**PROBLEM DESCRIPTION:**
I'd like the data below restated word for word, with the pictures left out.

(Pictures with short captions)
========================================================================

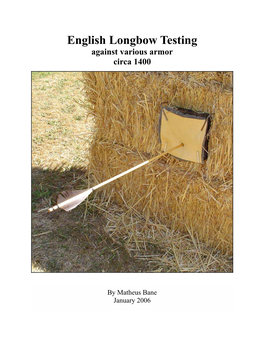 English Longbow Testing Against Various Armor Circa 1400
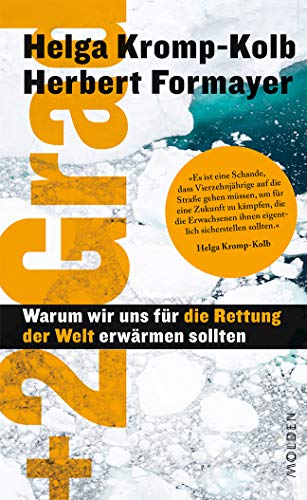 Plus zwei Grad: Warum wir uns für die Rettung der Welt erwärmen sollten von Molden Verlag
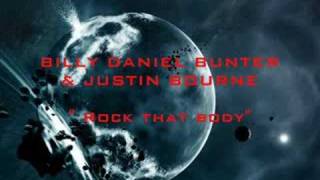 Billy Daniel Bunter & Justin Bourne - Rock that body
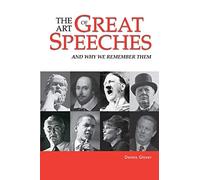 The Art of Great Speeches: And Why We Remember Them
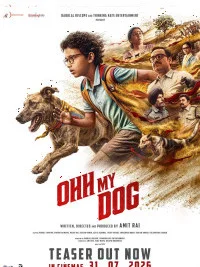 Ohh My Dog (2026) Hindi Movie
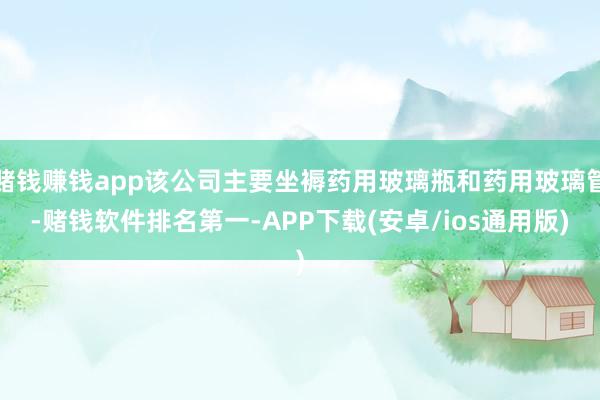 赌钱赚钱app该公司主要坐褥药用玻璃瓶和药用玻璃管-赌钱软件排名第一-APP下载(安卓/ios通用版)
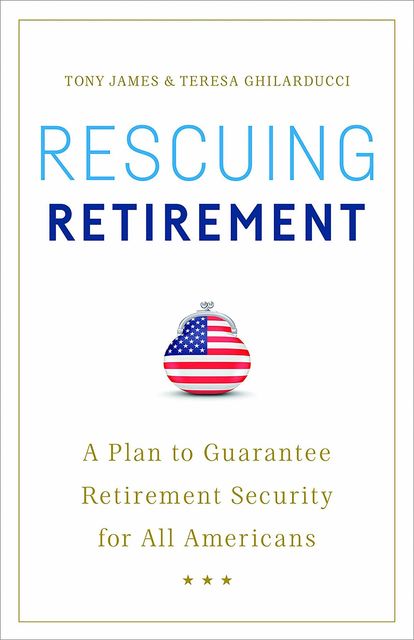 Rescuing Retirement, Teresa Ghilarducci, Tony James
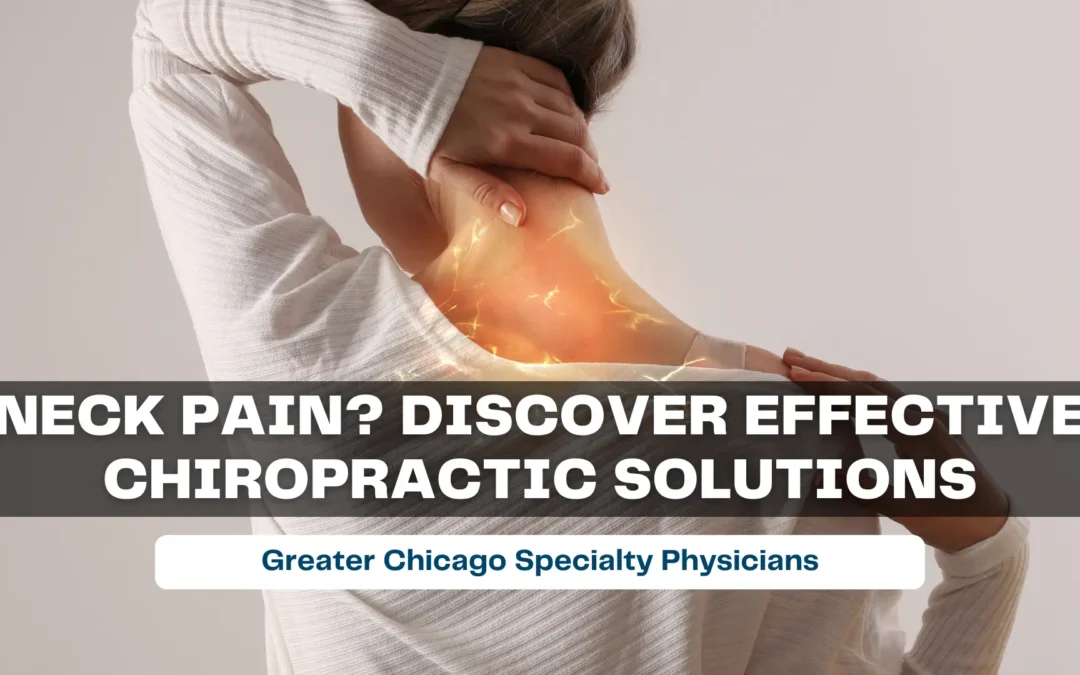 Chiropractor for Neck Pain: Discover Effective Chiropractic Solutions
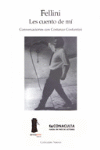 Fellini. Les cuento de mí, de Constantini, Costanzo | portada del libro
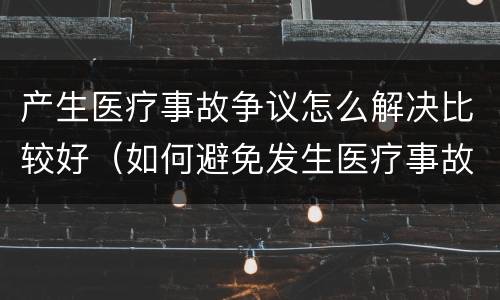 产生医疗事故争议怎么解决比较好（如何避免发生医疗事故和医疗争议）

========================================================================

**TASK ANSWER:**
 English Longbow Testing Against Various Armor Circa 1400
 Plus zwei Grad: Warum wir uns für die Rettung der Welt erwärmen sollten von Molden Verlag
 Billy Daniel Bunter & Justin Bourne - Rock that body
 The Art of Great Speeches: And Why We Remember Them
 Ohh My Dog (2026) Hindi Movie
 赌钱赚钱app该公司主要坐褥药用玻璃瓶和药用玻璃管-赌钱软件排名第一-APP下载(安卓/ios通用版)
 Rescuing Retirement, Teresa Ghilarducci, Tony James
 Chiropractor for Neck Pain: Discover Effective Chiropractic Solutions
 Fellini. Les cuento de mí, de Constantini, Costanzo | portada del libro
 产生医疗事故争议怎么解决比较好（如何避免发生医疗事故和医疗争议）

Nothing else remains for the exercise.